En estas circunstancias, la ciencia no es solo un producto barato, requiere una inversión sustancial y demanda ingentes recursos. El momento de la investigación a base de ingenio y buena voluntad terminó, y nuestro país debe hacer eco de ello.
Cuando se describe el momento actual de las sociedades, se menciona que éstas han evolucionado hacia el concepto de sociedades del conocimiento. Esto, en términos gruesos, implica un cambio sustancial en el orden de las prioridades para enfrentar los desafíos de un mundo global. No basta poseer materias primas, tener un imponente poderío bélico o una inmensa masa poblacional. Hoy se requiere contar el motor que ha dejado a algunos colectivos humanos en situaciones ventajosas de desarrollo: el saber, el dejar de ignorar.
Bajo esta nueva realidad, muchas sociedades comprendieron la necesidad de movilizarse en esa dirección. Fueron ellas quienes, de forma progresiva, tuvieron que dejar su carácter industrial y mutarlo en otro, inspirado en el saber, cambio que solo es posible mediante una sostenida política de inversiones elevadas en educación, formación, investigación y desarrollo, programas informáticos y sistemas de información.
En un universo sujeto a continuos, permanentes y acelerados cambios, la única forma de progresar es que las organizaciones, comunidades y personas adquieran cualidades que les permitan prosperar en un mundo competitivo e impersonal, un desafío que compromete a los sistemas educativos y los mercados laborales, tanto como a las organizaciones en empresas y mercados.
La investigación científica, que enseña a pensar y cultiva el espíritu, constituye el mecanismo más poderoso y efectivo para generar nuevos conocimientos.

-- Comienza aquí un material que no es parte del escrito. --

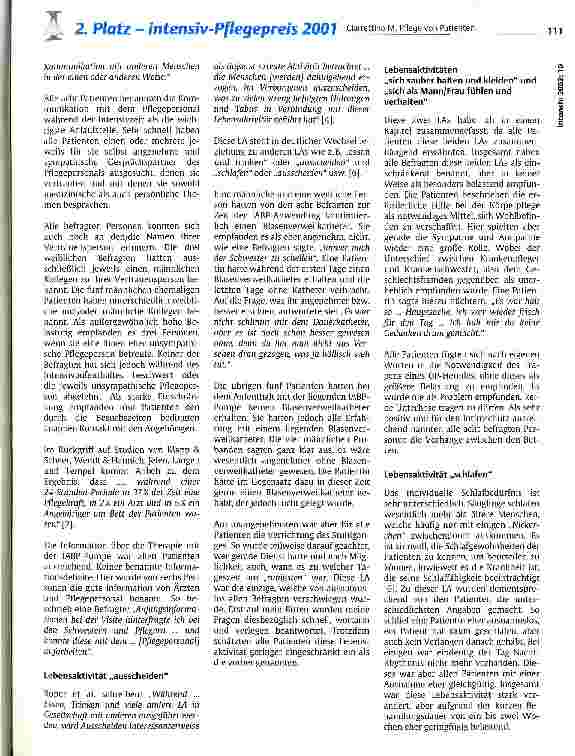 Vorschauseite 4: Pflege von Patienten mit liegender intraaortaler Ballongegenpulsation Untersuchung über Einschränkungen der 12 Lebensaktivitäten nach Roper et al.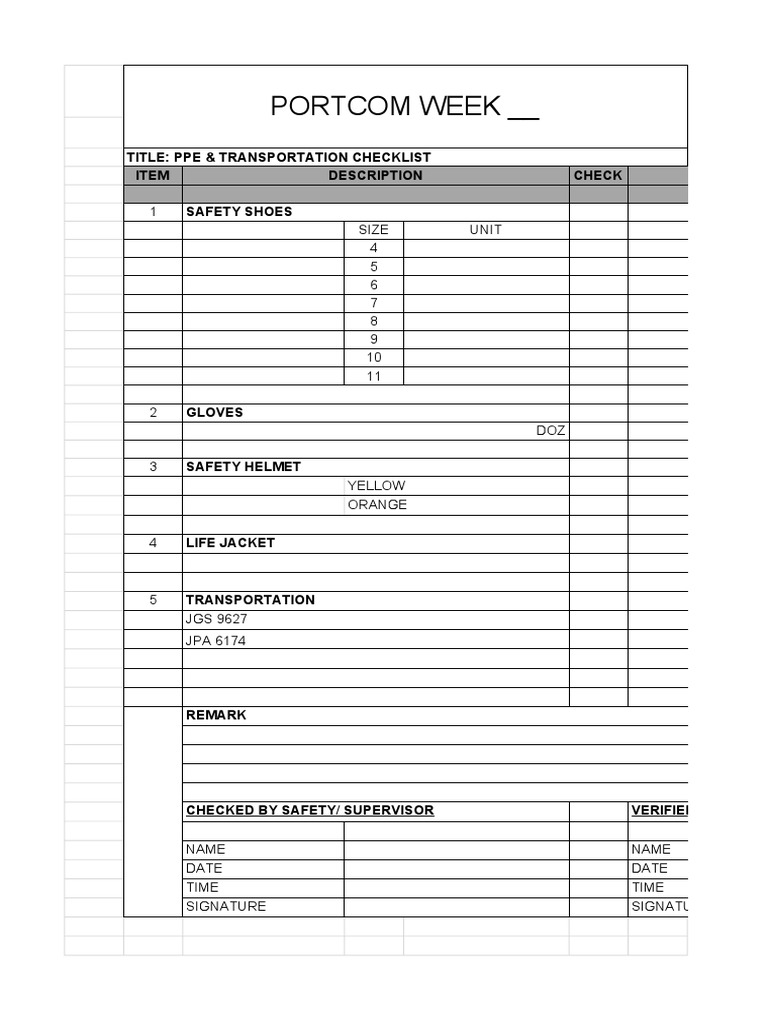 PPE Transportation Safety Checklist | PDF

Mismos que pueden, además, ser aplicados en la producción de bienes y servicios, sectores en los que la transferencia tecnológica deriva en avances significativos en materia de innovación, de ahí el binomio inseparable de Investigación y Desarrollo (I+D), como herramienta indispensable para el progreso de las naciones.

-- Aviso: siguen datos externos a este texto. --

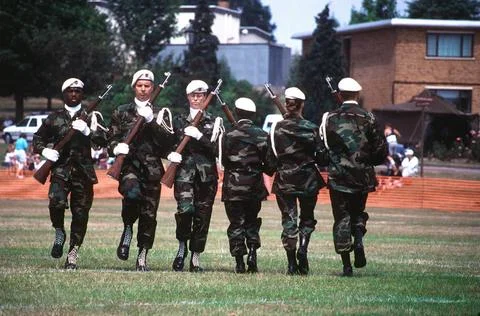 RECORD DATE NOT STATED The RAF Chicksand s drill team performs precision d... Stock Photos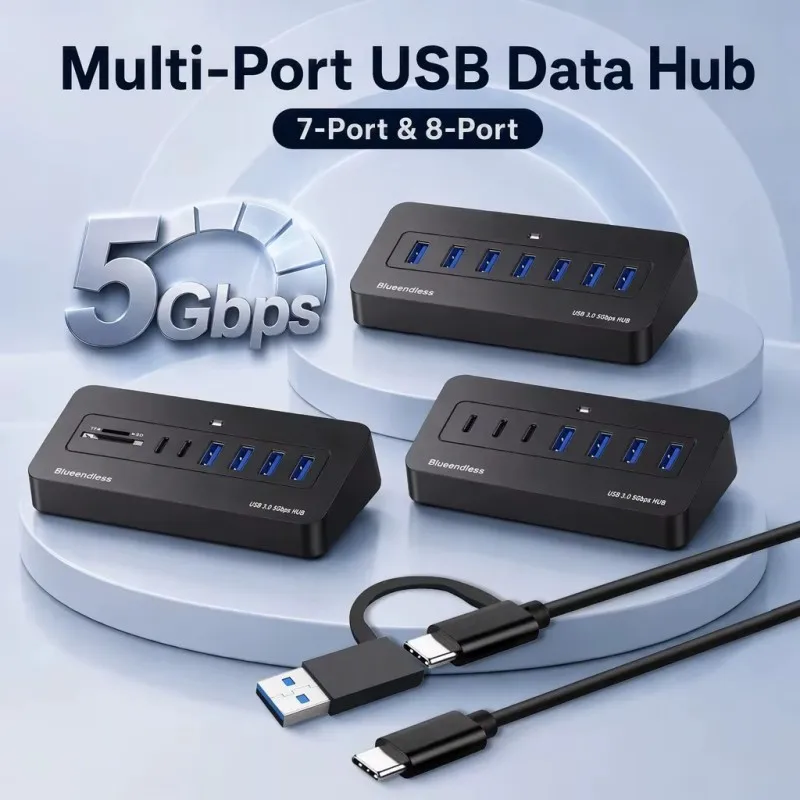 hit productMultiport 7 In 1 Type C USB C USB-C Hub to USB 3.0 Hub Multi-Port Splitter 7 Port High Speed USB 3.0 Data Hub Docking
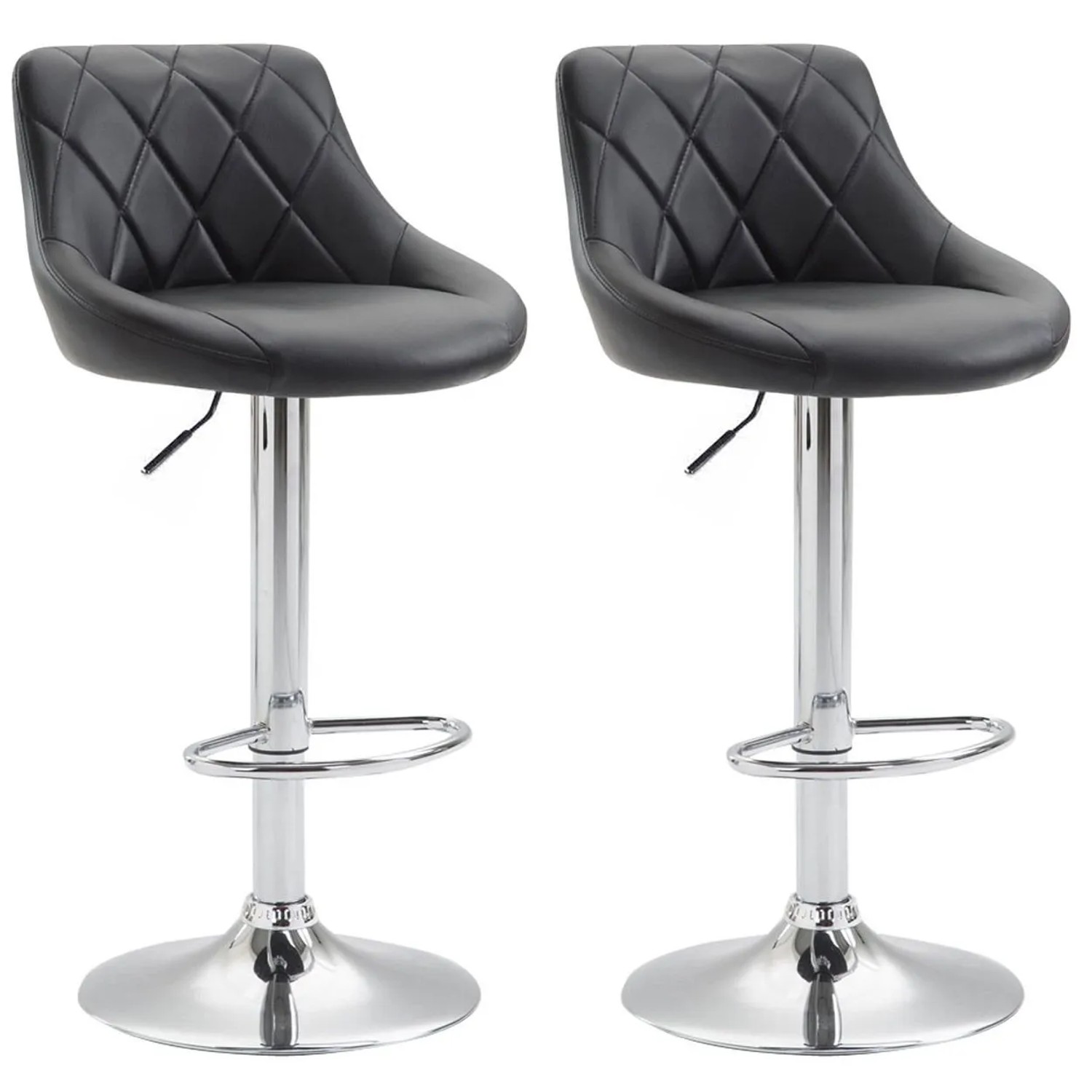 DELUKE 2er Set Barhocker FALON Kunstleder Schwarz 46x49x83cm Silber Barstuhl Mit Lehne Drehbar Tresenhocker Tresenstuhl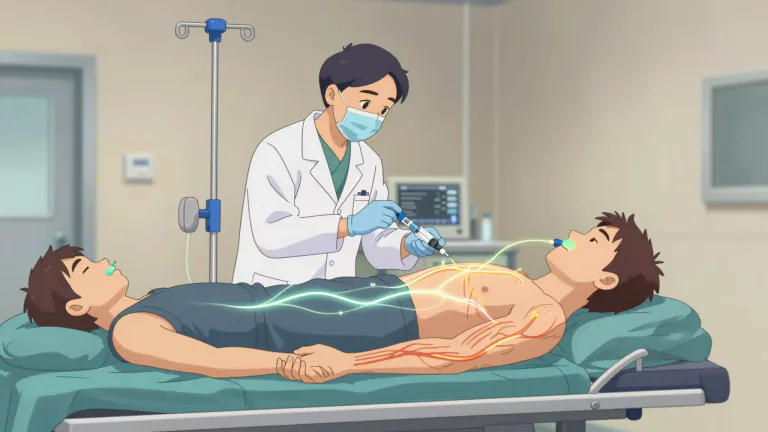 Visual representation of "succinylcholine" - Succinylcholine is a medication used to cause temporary paralysis during medical procedures, especially surgeries, by blocking nerve signals to muscles.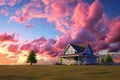 Generative AI Image of House Home Building with Clouds in Dramatic Sky at Dusk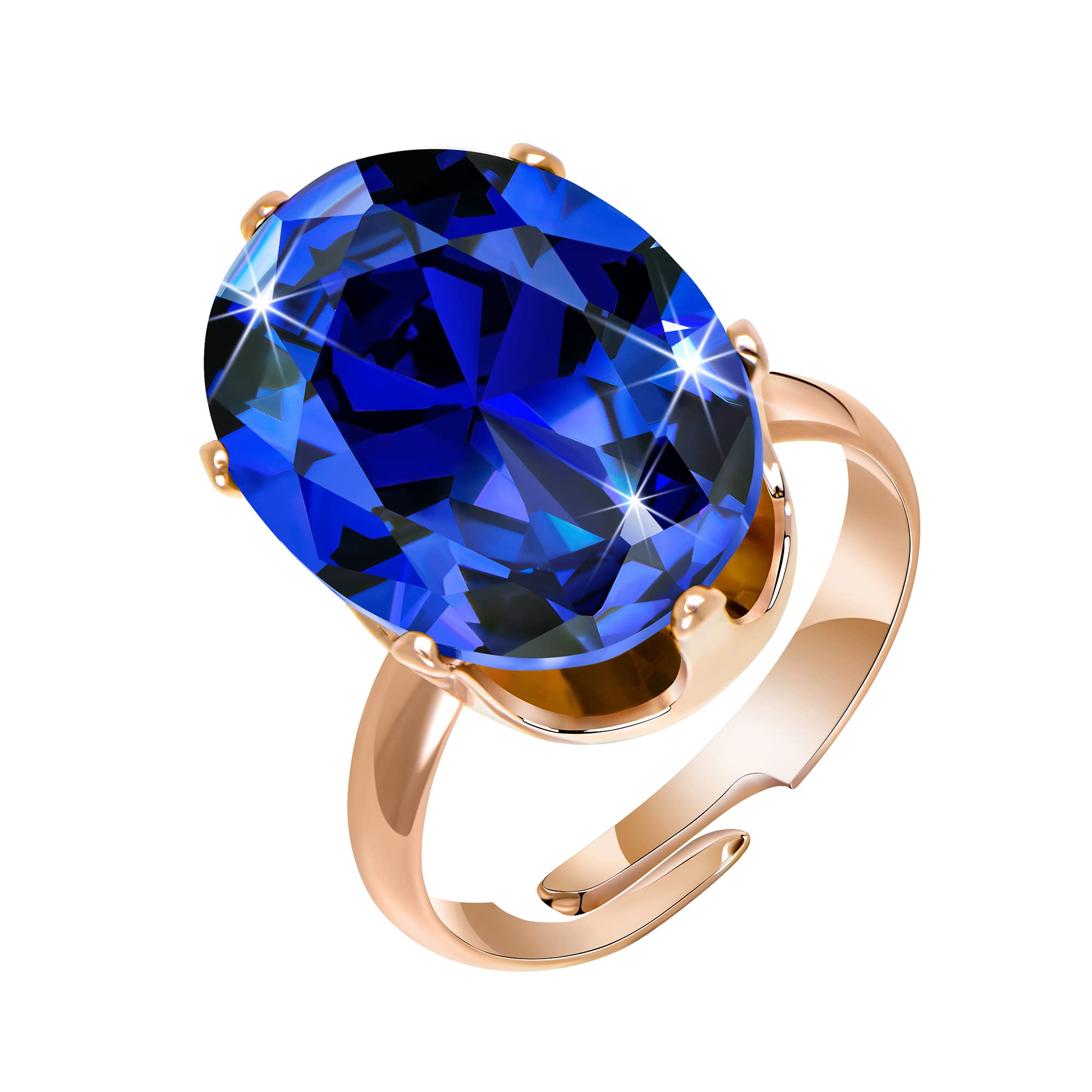 LinaweCubic Zirconia Imitation Diamond Moissanite Rings for Women, 14K Gold/Rose Gold/Silver Adjustable Chunky Ring, Costume Rhinestone Jewelry for Wedding Engagement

En estas circunstancias, la investigación científica es indispensable para la formación de profesionales, la innovación, la competitividad y el diseño de políticas públicas. La ciencia no es solo un producto barato, requiere una inversión sustancial y demanda ingentes recursos. El momento de la investigación a base de ingenio y buena voluntad terminó, y nuestro país debe hacer eco de ello.

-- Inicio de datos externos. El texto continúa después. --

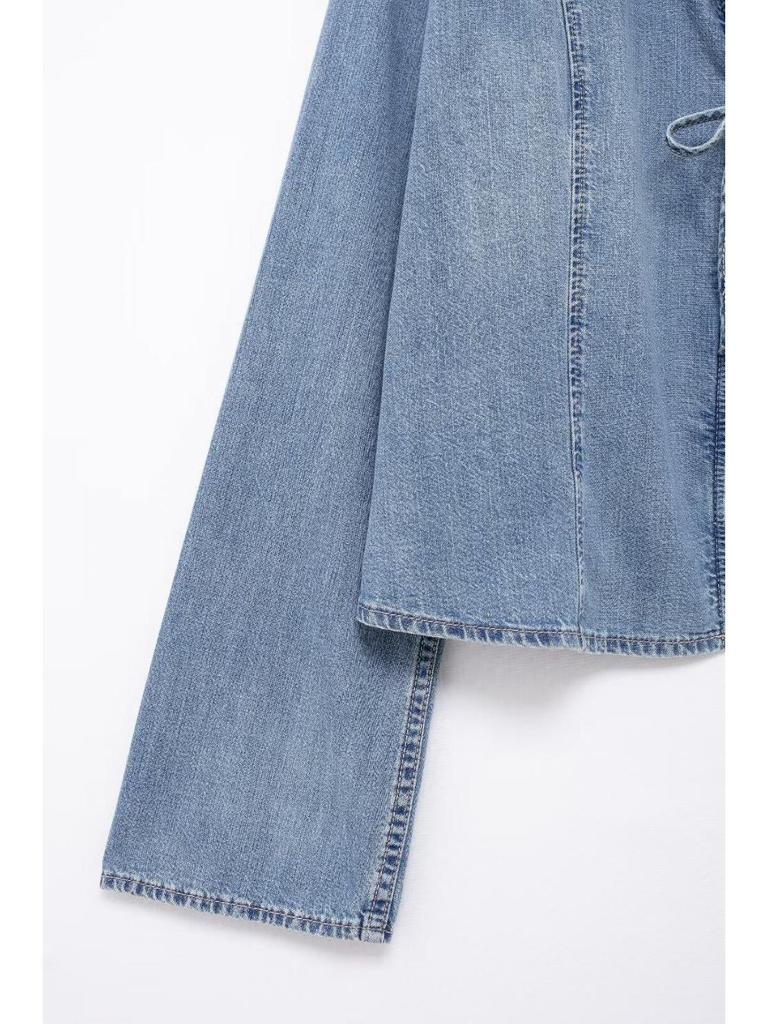 Podzimní evropská a americká dámská pouliční móda džínová košile s mašlí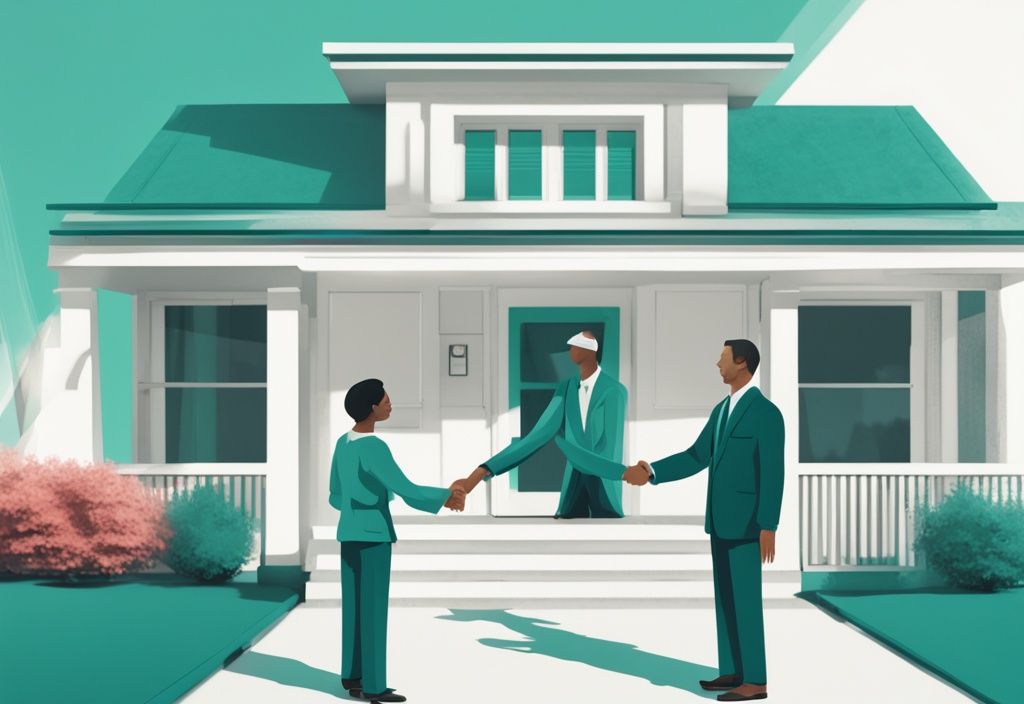 Photorealistic illustration of two people shaking hands in front of a sold property, exchanging a title deed, with a teal color theme, symbolizing marketable real estate title.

En Chile, los recursos destinados a la I+D no superan el 0,4% del PIB, mientras que el promedio de la Ocde sextuplica esta inversión. Misma que sólo aumentó en un 36% en el periodo 2007-2012, muy por debajo del 90% de crecimiento registrado en el mismo periodo de tiempo, por ejemplo, en Argentina o México. En Chile, a diferencia de otros países de la Ocde, la mayoría de los recursos proviene del sector público y, aunque estos se aumenten por esa vía, para alcanzar niveles satisfactorios debe buscarse financiamiento privado con los correspondientes incentivos que ello implica.
No es posible, en la situación actual, esperar que nuestro país ingrese a las autopistas del desarrollo. Con la pobre inversión que se le dedica a la ciencia, corre el serio peligro de perder posicionamiento y transformares en un comprador desprotegido de tecnología ajena, consumidor de productos con obsolescencia incorporada, lejos de la frontera del progreso y atrapado en un círculo vicioso de dependencia.